If one celebrated decline and fall is any guide, then we are teetering on the edge of another Dark Age - at least in Europe. But it will not be a Dark Age which affects the material situation; cities will not be abandoned nor technologies forgotten. It will perhaps be a Twilight Age in which 'only' civilised standards, the sensibilities of good men and women, are despised and swept into obscurity.

However, some vital standards will be maintained, I believe, by an indefatigable underground minority. These resolute few will have to wait patiently - wait until something or someone (and I don't know what or who) reconstructs the social and moral order which has collapsed.

Bruce Charlton said...

@ Alex - I am more pessimistic! Darker than Dark is what I forsee; precisely because we lack the intermediate levels of cohesion which were so abundant in the post-Roman collapse in the West.

And because we are not Christian nor even pagan but are hedonic individualists - hence have no basis for any meaningful cooperation nor long-termism; no basis for sustained and tough group cooperation.

But of course I missed out the one intermediate level of long-termist purposive cohesion located in the West, which is Islam - because I was referring to the West and its internal forces of cohesion; and Islam is of the East.

Once the West collapses down to teen gangs/ gangsterism - any larger entity originating from outside the West can and will simply walk-in and take-over - will indeed probably be welcomed; since rule by teen gangs is (it seems to me) close to being 'hell on earth' in terms of violence, terror, torture, mutilation, rape, murder, starvation, disease etc (see H/O post-colonial Africa); and rule by organized crime is not very much better.

But of course there would be intermediate stages of transition, and I really don't know how long these would last.

But - in sum - the modern West is much more *brittle* than the Roman Empire - which was highly segmentary (i.e. built from layers of multiple similar highly self-sufficient units: nations, provinces, towns, villages, villas) and cohering on the basis of clans and tribes (genetic) and devoutly-religious sects plus the pervasive state religion.

Alex said...

Your pessimism may well be justified by events more calamitous than presently imagined. I agree that the atomization of society makes collapse more likely with compound interest, and makes resistance less conceivable. I fear you are probably right in every particular.

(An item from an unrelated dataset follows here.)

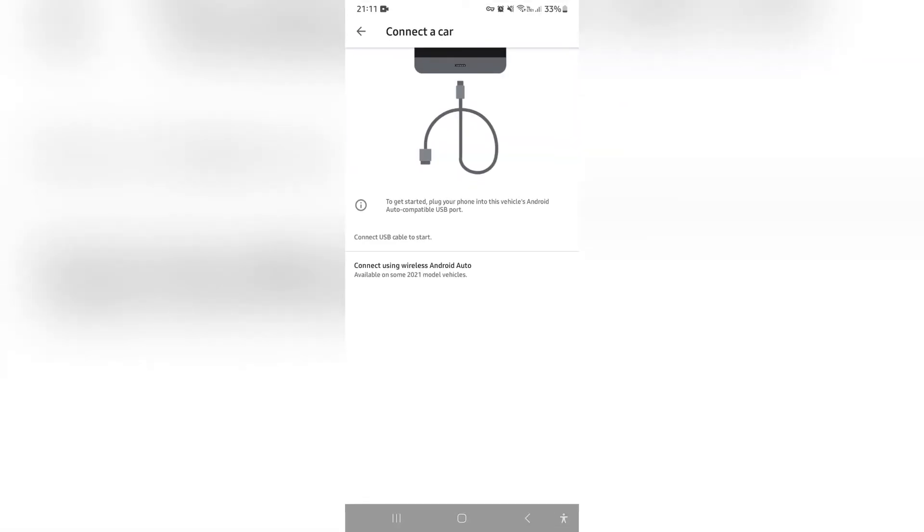Now there are two ways that you can actually connect to a car. The first way is to connect via a USB cable and you'll be connecting it to your vehicle that has the appropriate USB port. And then you have the wireless connection which you can also actually do which is available on some vehicles. So whichever way it is, you're going to go ahead and select that and connect your device.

But my pessimism is occasionally countered by something I've studied, or an experience I've had, or even an erudite sermon I've heard. Sometimes I'm afflicted by a free-floating optimism, which of course is ephemeral and unwarranted.

A few lines from Tennyson's Ulysses, which were quoted recently by the Dean of Lincoln, gave me heart for a while:

Though much is taken, much abides; and though
We are not now that strength which in the old days
Moved earth and heaven; that which we are, we are,
One equal-temper of heroic hearts,
Made weak by time and fate, but strong in will
To strive, to seek, to find, and not to yield.

baduin said...

This post requires a very long discussion - again, more of a book than a post.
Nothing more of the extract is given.